1. Show mother how you can mend a straight tear by mending one for her at home. Perhaps there is a straight tear in her dress, or in a towel or napkin.

2. Why is it worth while to mend it?


Lesson 3

DARNING STOCKINGS

We all have stockings to darn each week as they come from the laundry. Do you mend the small holes at once, or let them grow larger?

It is always a saving of time and energy to take care of the small holes; small ones grow to be larger ones if one is not careful. It pays to mend at once. We will learn how to mend stockings.

Courtesy of H. Brinton Co.

Fig. 99.—The knitting machine. Caps, stockings, and underwear are made on similar machines.

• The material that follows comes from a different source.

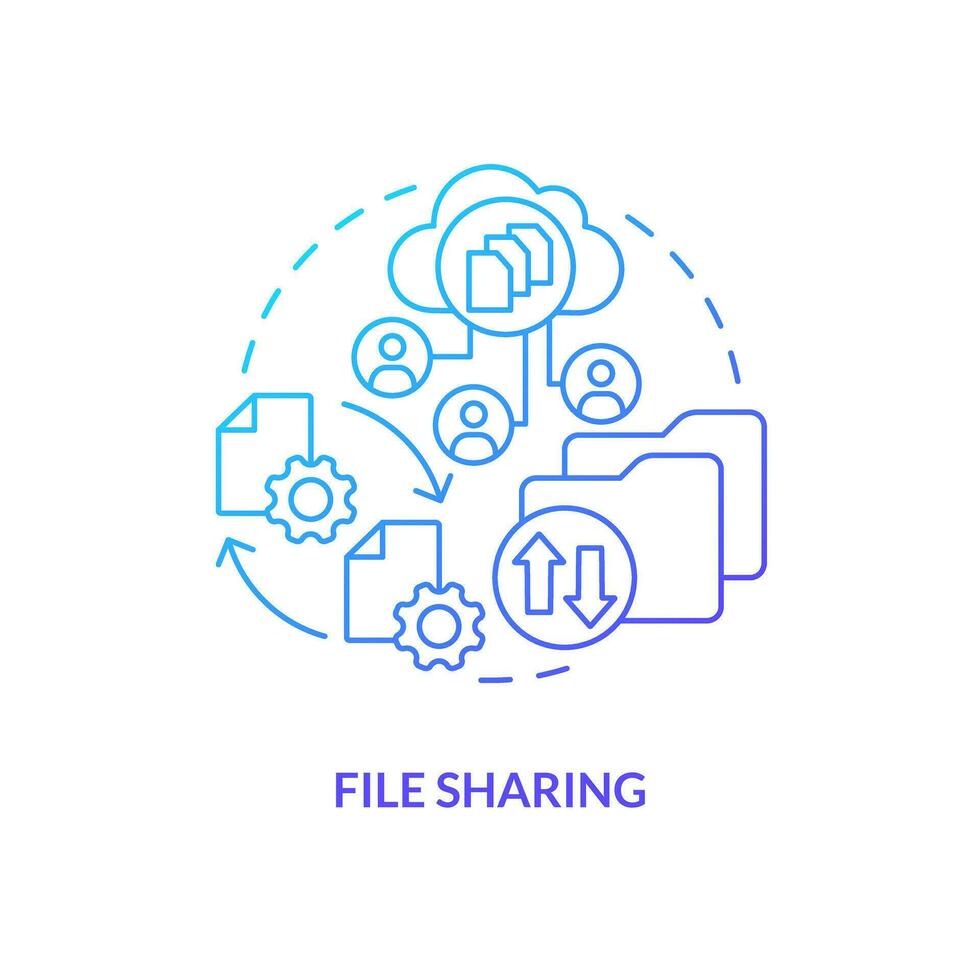 File sharing blue gradient concept icon. Free access to project. Version control advantage abstract idea thin line illustration. Isolated outline drawing vector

Stocking darning differs from darning the straight or the square tear, because, as a rule, there is a hole in the stocking. The stocking material is worn away, and it is necessary to replace it with a small piece of weaving over and under of warp and filling. A patch or extra piece of material might be placed under the hole, but that would be uncomfortable; so a woven piece is put in. The stocking is made of knitted material called stockinet, not of woven cloth. How do they differ? Can you think of other articles of clothing made of knitted material? Yes, mittens, sweaters, caps, underwear. Have you ever seen a knitting machine? Here is a picture (Fig. 99) of one showing how the stocking is knitted in the factory to-day on the knitting machines. In weaving there are two threads. What are they? In knitting there is only one thread; just like grandmother's knitting of the stocking round and round as the tiny loops are formed. Have you ever torn your stocking in a loop and had it run right down the whole leg of the stocking? Barbara Oakes had this experience. That shows how the tiny loops are made. If one catches the loop, the raveling is prevented.